To perform the last step we used that \(\int \exp(i ({\bf q}+{\bf q'})\cdot {\bf r}) d^3 {\bf r} = (2\pi)^3 \delta({\bf q}+{\bf q}')\). The equation contains a term

\begin{equation} \label{eq:spinperp} \hat{\bf q} \times ({\bf s}_j \times \hat{\bf q}) \equiv {\bf s}_{j,\perp}, \end{equation}

which is simply the component of the spin on site \(j\) perpendicular to the scattering vector. Equation (\ref{eq:magn_matrix}) therefore proves that the spin component parallel to \({\bf q}\) is invisible to neutrons, as mentioned in The magnetic scattering length.

Matrix element for unpolarized neutrons

For the remainder of this notes, we assume that the neutrons are unpolarized, \(p_\uparrow = p_\downarrow = 1/2\). We also assume that we do not observe the final spin state, \(\sigma_{\rm f}\), of the neutron. To obtain the cross section for unpolarised neutrons, we therefore sum over \(\sigma_{\rm f}\) and average over the initial spin state, \(\sigma_{\rm i}\).

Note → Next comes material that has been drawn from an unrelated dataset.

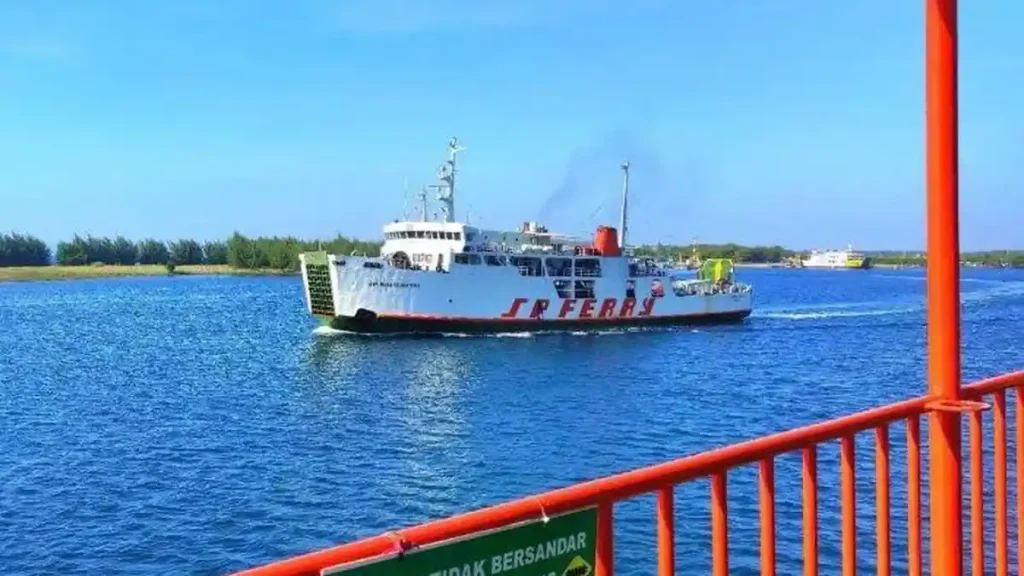 Lombok ferry to Sumbawa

We save this derivation for later and just state the result here:

\begin{equation} \sum_{\sigma_{\rm i}, \sigma_{\rm f}} p_{\sigma_{\rm i}} \left| \left\langle \sigma_{\rm f} \left| {\bf \sigma} \cdot {\bf s}_{\perp} \right| \sigma_{\rm i} \right\rangle \right|^2 = \left\langle \left| {\bf s}_{\perp} \cdot {\bf s}_{\perp} \right| \right\rangle. \end{equation}

When this expression is used in the calculation for the cross section, we will encounter terms of the general type \({\bf s}_{j \perp} \cdot {\bf s}_{j' \perp}\). We here utilize that the perpendicular projection is defined as \({\bf s}_{j \perp} \equiv {\bf s}_j - ({\bf s}_j \cdot \hat{\bf q}) \hat{\bf q}\), where \(\hat{\bf q}\) is a unit vector in the direction of \({\bf q}\), to reach

\begin{equation} \label{eq:cartesian_perp} {\bf s}_{j \perp} \cdot {\bf s}_{j' \perp} = {\bf s}_j \cdot {\bf s}_{j'} - 2({\bf s}_j \cdot \hat{\bf q})({\bf s}_{j'} \cdot \hat{\bf q}) + ({\bf s}_j \cdot \hat{\bf q})({\bf s}_{j'} \cdot \hat{\bf q}) = \sum_{\alpha \beta} \left( \delta_{\alpha\beta}-\hat{q}_\alpha\hat{q}_\beta\right) s_j^\alpha s_{j'}^\beta , \end{equation}

where the indices \(\alpha\) and \(\beta\) run over the Cartesian coordinates (\(x\), \(y\), and \(z\)), and \(\hat{q}^{\alpha}\) and \(s_j^{\alpha}\) etc. are now scalar variables.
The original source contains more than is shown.